# WHAT TO PRODUCE
Without altering anything, repeat each of the records.

# DATA SHOWN

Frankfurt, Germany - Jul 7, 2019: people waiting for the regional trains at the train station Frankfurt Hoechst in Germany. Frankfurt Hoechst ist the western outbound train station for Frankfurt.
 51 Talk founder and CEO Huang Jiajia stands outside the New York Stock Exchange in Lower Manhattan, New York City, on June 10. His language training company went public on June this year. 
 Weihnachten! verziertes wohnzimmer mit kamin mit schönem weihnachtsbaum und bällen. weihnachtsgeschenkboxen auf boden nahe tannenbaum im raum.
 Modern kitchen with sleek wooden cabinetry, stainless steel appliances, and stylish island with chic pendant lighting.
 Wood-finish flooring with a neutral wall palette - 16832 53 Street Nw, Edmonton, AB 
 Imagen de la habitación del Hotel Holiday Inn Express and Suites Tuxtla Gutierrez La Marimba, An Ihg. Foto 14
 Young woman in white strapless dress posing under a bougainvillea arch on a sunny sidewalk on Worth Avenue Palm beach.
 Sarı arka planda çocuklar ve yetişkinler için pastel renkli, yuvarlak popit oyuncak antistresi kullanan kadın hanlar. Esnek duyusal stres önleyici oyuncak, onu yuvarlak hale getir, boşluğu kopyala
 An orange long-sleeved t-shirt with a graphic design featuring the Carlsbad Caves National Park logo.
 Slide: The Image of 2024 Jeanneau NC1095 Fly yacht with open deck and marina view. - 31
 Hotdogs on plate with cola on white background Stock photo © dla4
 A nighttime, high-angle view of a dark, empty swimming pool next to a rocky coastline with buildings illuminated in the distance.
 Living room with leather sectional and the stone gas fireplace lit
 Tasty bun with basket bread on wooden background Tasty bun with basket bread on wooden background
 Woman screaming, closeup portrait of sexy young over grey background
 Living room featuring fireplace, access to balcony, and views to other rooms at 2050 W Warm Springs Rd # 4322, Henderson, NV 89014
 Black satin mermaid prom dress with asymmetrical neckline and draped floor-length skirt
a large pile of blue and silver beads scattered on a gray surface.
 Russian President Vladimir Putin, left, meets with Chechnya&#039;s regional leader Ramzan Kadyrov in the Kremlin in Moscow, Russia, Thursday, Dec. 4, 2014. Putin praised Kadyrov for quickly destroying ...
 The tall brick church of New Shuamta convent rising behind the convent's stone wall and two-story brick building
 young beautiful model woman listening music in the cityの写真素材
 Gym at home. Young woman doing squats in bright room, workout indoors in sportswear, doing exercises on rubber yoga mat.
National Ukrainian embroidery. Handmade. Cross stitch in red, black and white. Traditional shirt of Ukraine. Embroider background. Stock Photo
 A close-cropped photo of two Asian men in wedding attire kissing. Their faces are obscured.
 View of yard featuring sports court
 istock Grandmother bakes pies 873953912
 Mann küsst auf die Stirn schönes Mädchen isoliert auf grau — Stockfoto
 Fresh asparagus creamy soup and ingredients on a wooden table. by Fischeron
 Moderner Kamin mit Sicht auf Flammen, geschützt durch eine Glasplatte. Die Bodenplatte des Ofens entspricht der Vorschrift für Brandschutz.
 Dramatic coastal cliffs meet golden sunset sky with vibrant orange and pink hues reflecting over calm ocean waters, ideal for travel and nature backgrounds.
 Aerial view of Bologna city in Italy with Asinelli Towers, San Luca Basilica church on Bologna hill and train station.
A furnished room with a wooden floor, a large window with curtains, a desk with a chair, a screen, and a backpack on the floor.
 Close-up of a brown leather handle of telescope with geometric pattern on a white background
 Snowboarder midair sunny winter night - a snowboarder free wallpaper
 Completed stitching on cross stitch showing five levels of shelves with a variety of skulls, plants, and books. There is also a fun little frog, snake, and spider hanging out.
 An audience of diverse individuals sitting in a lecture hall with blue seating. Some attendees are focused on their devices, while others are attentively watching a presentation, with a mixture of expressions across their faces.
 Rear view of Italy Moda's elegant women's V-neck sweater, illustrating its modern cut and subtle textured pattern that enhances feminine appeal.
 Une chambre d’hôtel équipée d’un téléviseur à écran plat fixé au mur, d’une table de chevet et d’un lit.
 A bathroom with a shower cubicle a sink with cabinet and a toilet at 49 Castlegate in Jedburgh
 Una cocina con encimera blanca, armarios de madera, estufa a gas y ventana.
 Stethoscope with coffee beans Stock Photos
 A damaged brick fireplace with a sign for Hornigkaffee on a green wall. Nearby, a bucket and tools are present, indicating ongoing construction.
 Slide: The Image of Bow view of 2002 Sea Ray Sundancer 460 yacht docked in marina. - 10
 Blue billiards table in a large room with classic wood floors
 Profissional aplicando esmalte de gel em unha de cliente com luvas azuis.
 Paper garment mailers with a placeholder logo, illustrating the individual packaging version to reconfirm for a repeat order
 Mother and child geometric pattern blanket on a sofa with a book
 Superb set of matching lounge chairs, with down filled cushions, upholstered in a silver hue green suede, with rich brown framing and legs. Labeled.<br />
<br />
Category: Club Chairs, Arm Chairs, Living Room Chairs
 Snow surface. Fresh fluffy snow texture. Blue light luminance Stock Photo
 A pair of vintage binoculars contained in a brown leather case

# ANSWER SECTION
Frankfurt, Germany - Jul 7, 2019: people waiting for the regional trains at the train station Frankfurt Hoechst in Germany. Frankfurt Hoechst ist the western outbound train station for Frankfurt.
 51 Talk founder and CEO Huang Jiajia stands outside the New York Stock Exchange in Lower Manhattan, New York City, on June 10. His language training company went public on June this year. 
 Weihnachten! verziertes wohnzimmer mit kamin mit schönem weihnachtsbaum und bällen. weihnachtsgeschenkboxen auf boden nahe tannenbaum im raum.
 Modern kitchen with sleek wooden cabinetry, stainless steel appliances, and stylish island with chic pendant lighting.
 Wood-finish flooring with a neutral wall palette - 16832 53 Street Nw, Edmonton, AB 
 Imagen de la habitación del Hotel Holiday Inn Express and Suites Tuxtla Gutierrez La Marimba, An Ihg. Foto 14
 Young woman in white strapless dress posing under a bougainvillea arch on a sunny sidewalk on Worth Avenue Palm beach.
 Sarı arka planda çocuklar ve yetişkinler için pastel renkli, yuvarlak popit oyuncak antistresi kullanan kadın hanlar. Esnek duyusal stres önleyici oyuncak, onu yuvarlak hale getir, boşluğu kopyala
 An orange long-sleeved t-shirt with a graphic design featuring the Carlsbad Caves National Park logo.
 Slide: The Image of 2024 Jeanneau NC1095 Fly yacht with open deck and marina view. - 31
 Hotdogs on plate with cola on white background Stock photo © dla4
 A nighttime, high-angle view of a dark, empty swimming pool next to a rocky coastline with buildings illuminated in the distance.
 Living room with leather sectional and the stone gas fireplace lit
 Tasty bun with basket bread on wooden background Tasty bun with basket bread on wooden background
 Woman screaming, closeup portrait of sexy young over grey background
 Living room featuring fireplace, access to balcony, and views to other rooms at 2050 W Warm Springs Rd # 4322, Henderson, NV 89014
 Black satin mermaid prom dress with asymmetrical neckline and draped floor-length skirt
a large pile of blue and silver beads scattered on a gray surface.
 Russian President Vladimir Putin, left, meets with Chechnya&#039;s regional leader Ramzan Kadyrov in the Kremlin in Moscow, Russia, Thursday, Dec. 4, 2014. Putin praised Kadyrov for quickly destroying ...
 The tall brick church of New Shuamta convent rising behind the convent's stone wall and two-story brick building
 young beautiful model woman listening music in the cityの写真素材
 Gym at home. Young woman doing squats in bright room, workout indoors in sportswear, doing exercises on rubber yoga mat.
National Ukrainian embroidery. Handmade. Cross stitch in red, black and white. Traditional shirt of Ukraine. Embroider background. Stock Photo
 A close-cropped photo of two Asian men in wedding attire kissing. Their faces are obscured.
 View of yard featuring sports court
 istock Grandmother bakes pies 873953912
 Mann küsst auf die Stirn schönes Mädchen isoliert auf grau — Stockfoto
 Fresh asparagus creamy soup and ingredients on a wooden table. by Fischeron
 Moderner Kamin mit Sicht auf Flammen, geschützt durch eine Glasplatte. Die Bodenplatte des Ofens entspricht der Vorschrift für Brandschutz.
 Dramatic coastal cliffs meet golden sunset sky with vibrant orange and pink hues reflecting over calm ocean waters, ideal for travel and nature backgrounds.
 Aerial view of Bologna city in Italy with Asinelli Towers, San Luca Basilica church on Bologna hill and train station.
A furnished room with a wooden floor, a large window with curtains, a desk with a chair, a screen, and a backpack on the floor.
 Close-up of a brown leather handle of telescope with geometric pattern on a white background
 Snowboarder midair sunny winter night - a snowboarder free wallpaper
 Completed stitching on cross stitch showing five levels of shelves with a variety of skulls, plants, and books. There is also a fun little frog, snake, and spider hanging out.
 An audience of diverse individuals sitting in a lecture hall with blue seating. Some attendees are focused on their devices, while others are attentively watching a presentation, with a mixture of expressions across their faces.
 Rear view of Italy Moda's elegant women's V-neck sweater, illustrating its modern cut and subtle textured pattern that enhances feminine appeal.
 Une chambre d’hôtel équipée d’un téléviseur à écran plat fixé au mur, d’une table de chevet et d’un lit.
 A bathroom with a shower cubicle a sink with cabinet and a toilet at 49 Castlegate in Jedburgh
 Una cocina con encimera blanca, armarios de madera, estufa a gas y ventana.
 Stethoscope with coffee beans Stock Photos
 A damaged brick fireplace with a sign for Hornigkaffee on a green wall. Nearby, a bucket and tools are present, indicating ongoing construction.
 Slide: The Image of Bow view of 2002 Sea Ray Sundancer 460 yacht docked in marina. - 10
 Blue billiards table in a large room with classic wood floors
 Profissional aplicando esmalte de gel em unha de cliente com luvas azuis.
 Paper garment mailers with a placeholder logo, illustrating the individual packaging version to reconfirm for a repeat order
 Mother and child geometric pattern blanket on a sofa with a book
 Superb set of matching lounge chairs, with down filled cushions, upholstered in a silver hue green suede, with rich brown framing and legs. Labeled.<br />
<br />
Category: Club Chairs, Arm Chairs, Living Room Chairs
 Snow surface. Fresh fluffy snow texture. Blue light luminance Stock Photo
 A pair of vintage binoculars contained in a brown leather case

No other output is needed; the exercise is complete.